Senator DODSON (Western Australia) (10:53): At present the constitutional framework of Australia divides legislative responsibilities between the states and the Commonwealth. The states are therefore different to territories. The residents of territories are therefore subject to a different legislative process than the residents of states. Under the United Nations Declaration on the Rights of Indigenous Peoples, article 24.2 states: ‘Indigenous individuals have an equal right to the enjoyment of the highest attainable standard of physical and mental health. States shall take the necessary steps with a view to achieving progressively the full realization of this right.’

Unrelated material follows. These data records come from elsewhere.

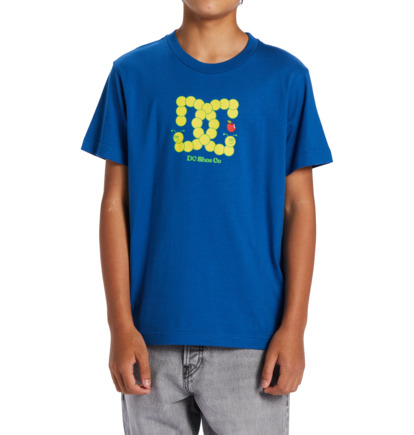 Tricko DC Shoes Bookworm Detske Modre | DC-1350648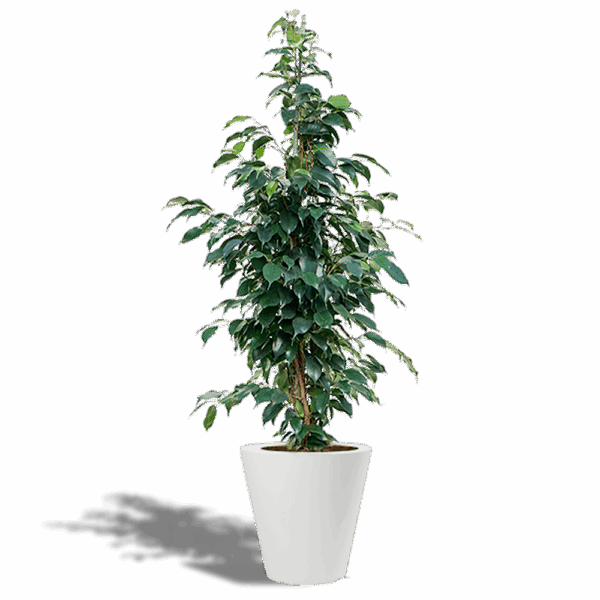 FICUS pot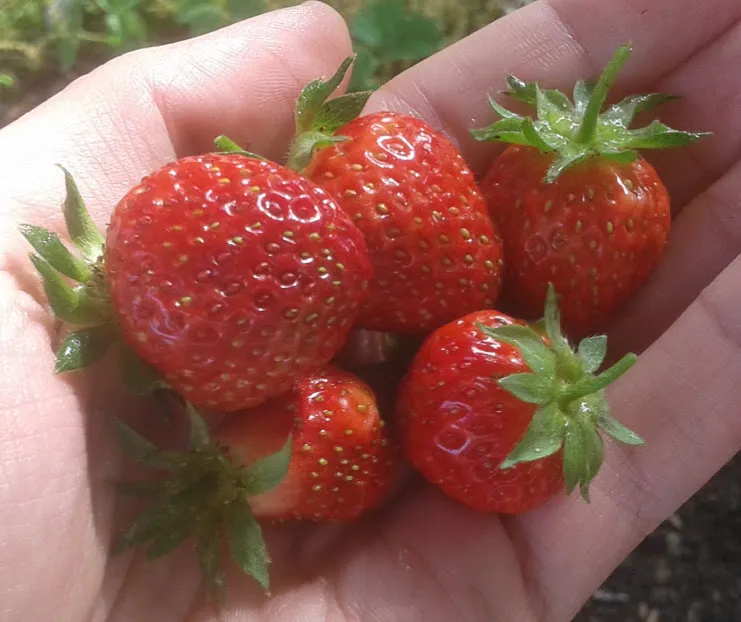 20180606_092146.jpg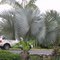 BLUE PALM.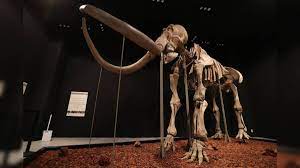mamut
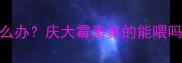 猫咪突然呕吐怎么办庆大霉素真的能喂吗兽医紧急科普
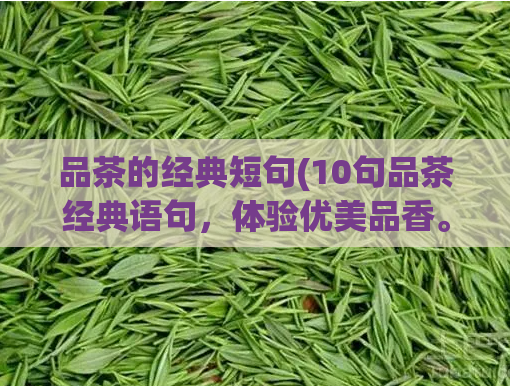 品茶的经典短句(10句品茶经典语句,体验优美品香。)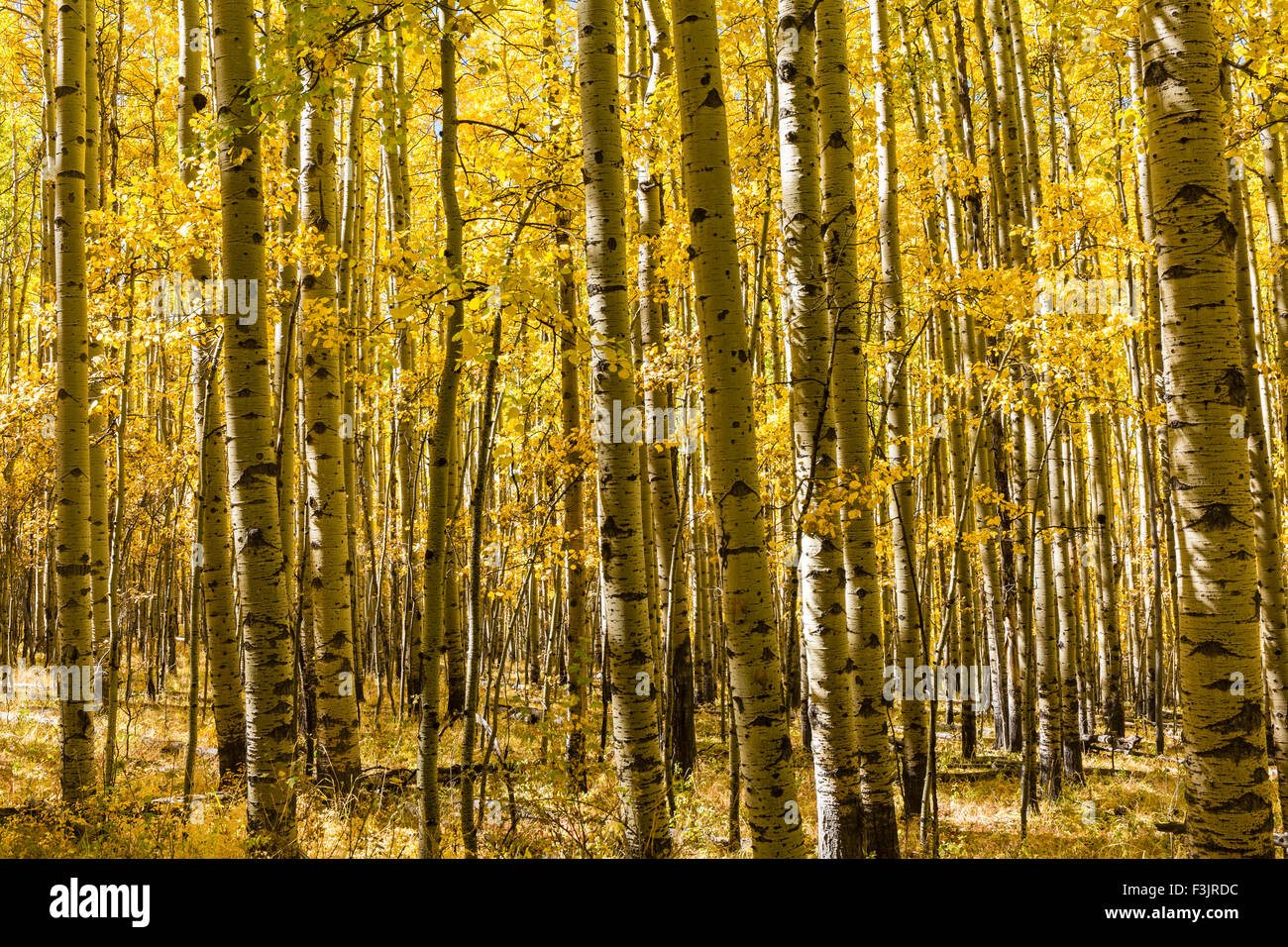 Un boschetto di alberi di Aspen in autunno pieno splendore su Colorado Trail in Kenosha Pass, Colorado. Foto Stock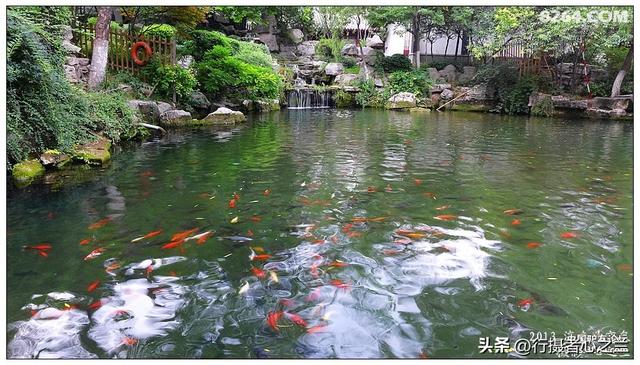 山东行游影记（11）—济南趵突泉（十一）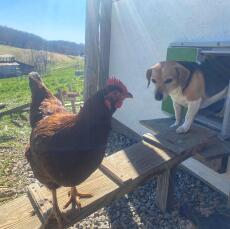 Hund på vej ud af Omlet grøn automatisk dør til hønsegård med kylling på stige til hønsegård
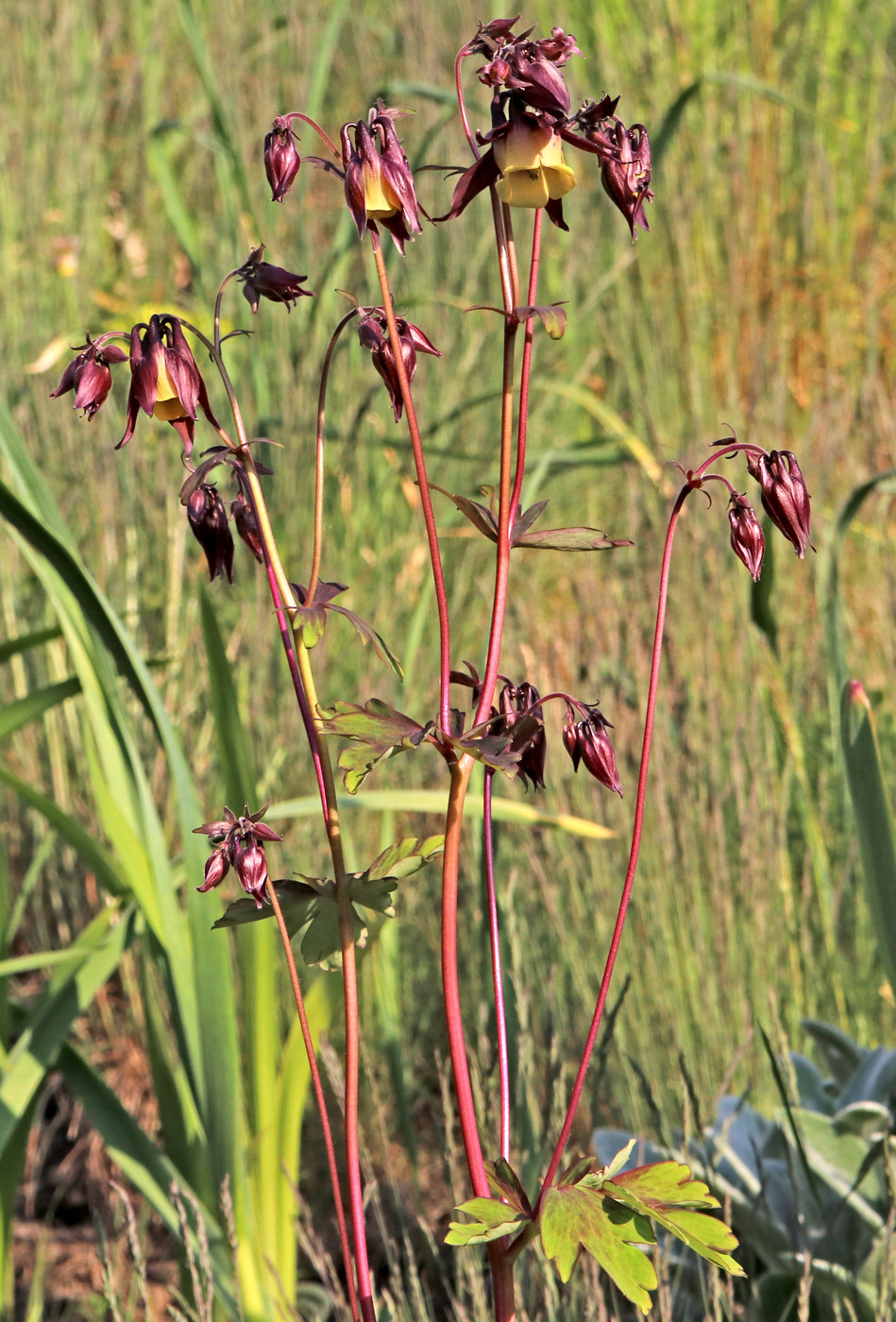 Image of Aquilegia oxysepala specimen.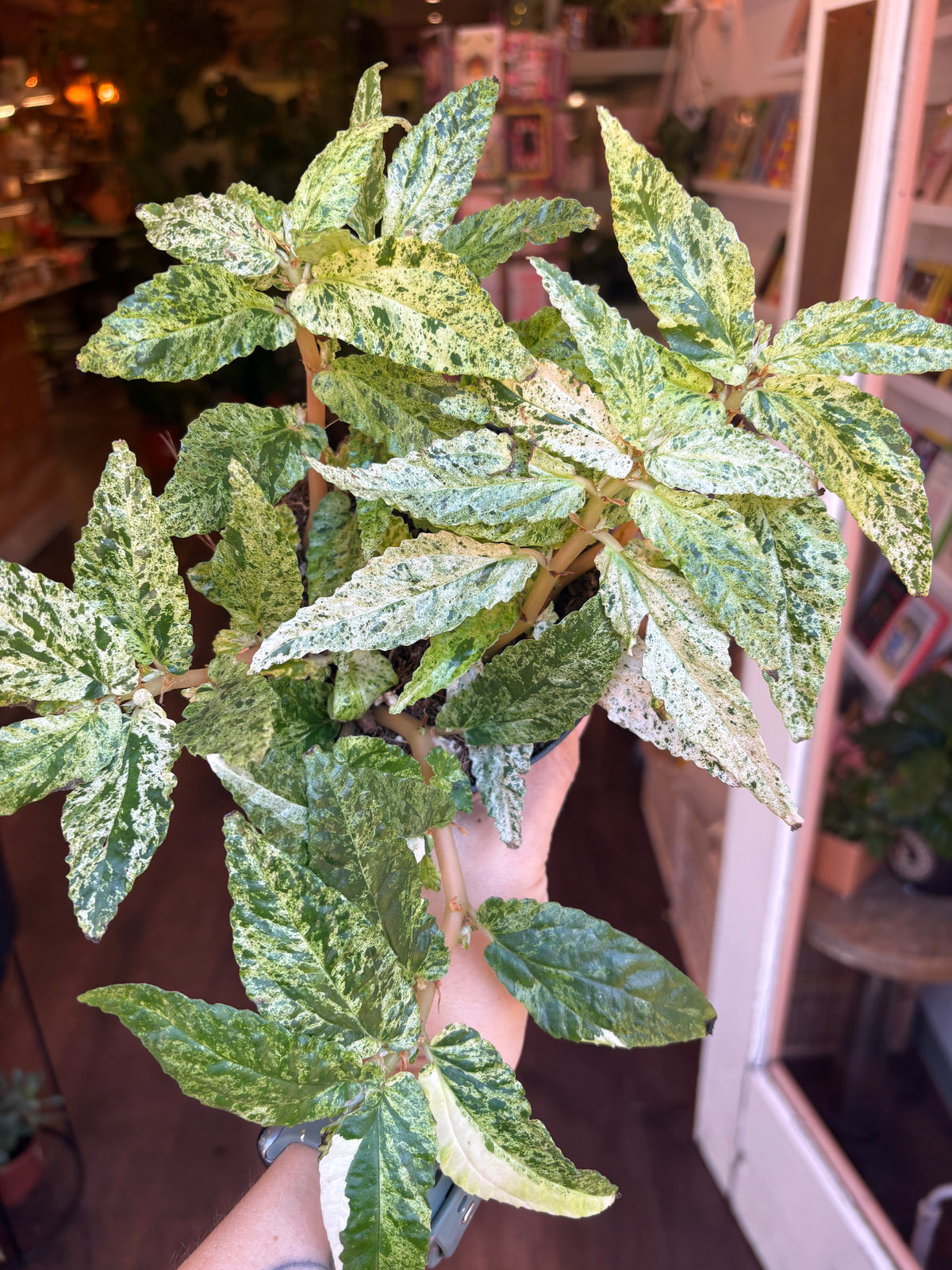Pellionia repens ‘Variegata being held by a person's hand in a shop setting.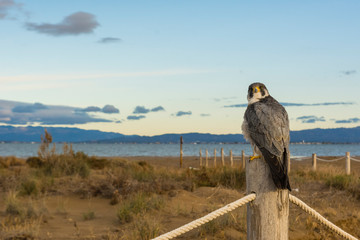 A northern peregrine falcon (Falco peregrinus calidus) in its environment, in the Natural Park of...
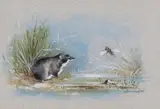 A water shrew and hoverfly Signed Watercolour with bodycolour on by Gordon Beningfield, Watercolour with bodycolour on blue paper, sold Jun 2017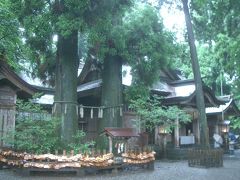 高千穂神社にお参りし、夫婦杉の周りを３回廻る。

We know that Australia's attempt to achieve the realisation of that right, through the Closing The Gap campaign, has been an abysmal failure. First Nations people do not enjoy the same quality of life in this country at every stage of their existence, as shown in the national figures. In the womb, a First Nations child is at higher risk of contracting life-threatening bloodborne diseases. Last year, six First Nations babies died of syphilis. Our children are more likely to be diagnosed with chronic health conditions such as type 2 diabetes. They are at greater risk of contracting meningococcal and rheumatic heart disease. As teenagers, they watch their friends, their cousins and their siblings prematurely end their own lives. These facts are true of the Northern Territory and nationally. In the Kimberley region, where I come from, the suicide rate is the highest in the world.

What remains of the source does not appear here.